■ Data section:
===

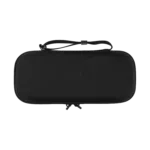 Exterior view of the AYN Odin 2 and Portal carrying case featuring a durable black shell with a textured surface dual zipper closure and a wrist strap for easy carrying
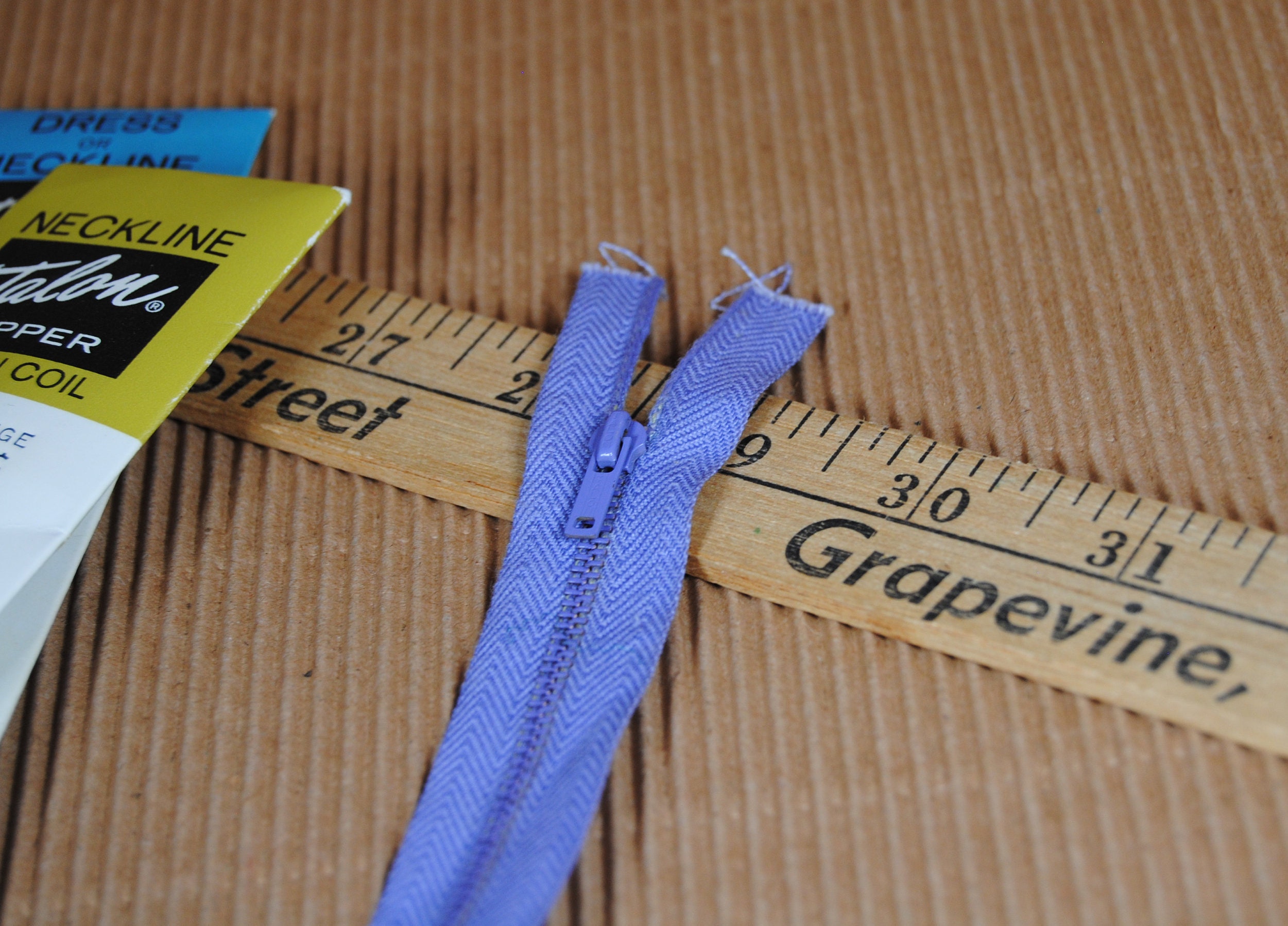 Assortment of vintage zippers New in package Zipper Etsy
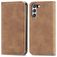 Mobigear Retro Slim Samsung Galaxy S21 FE Hoesje Bookcase Portemonnee - Bruin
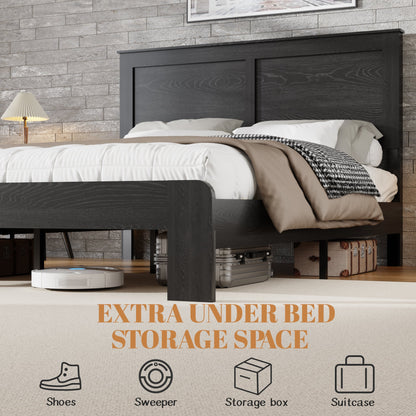 Full Size Sturdy Wooden Platform Bed Frame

===

Write out again every line above exactly as given; the pictures do not belong in the copy.

 Exterior view of the AYN Odin 2 and Portal carrying case featuring a durable black shell with a textured surface dual zipper closure and a wrist strap for easy carrying
 Assortment of vintage zippers New in package Zipper Etsy
 Mobigear Retro Slim Samsung Galaxy S21 FE Hoesje Bookcase Portemonnee - Bruin
 Full Size Sturdy Wooden Platform Bed Frame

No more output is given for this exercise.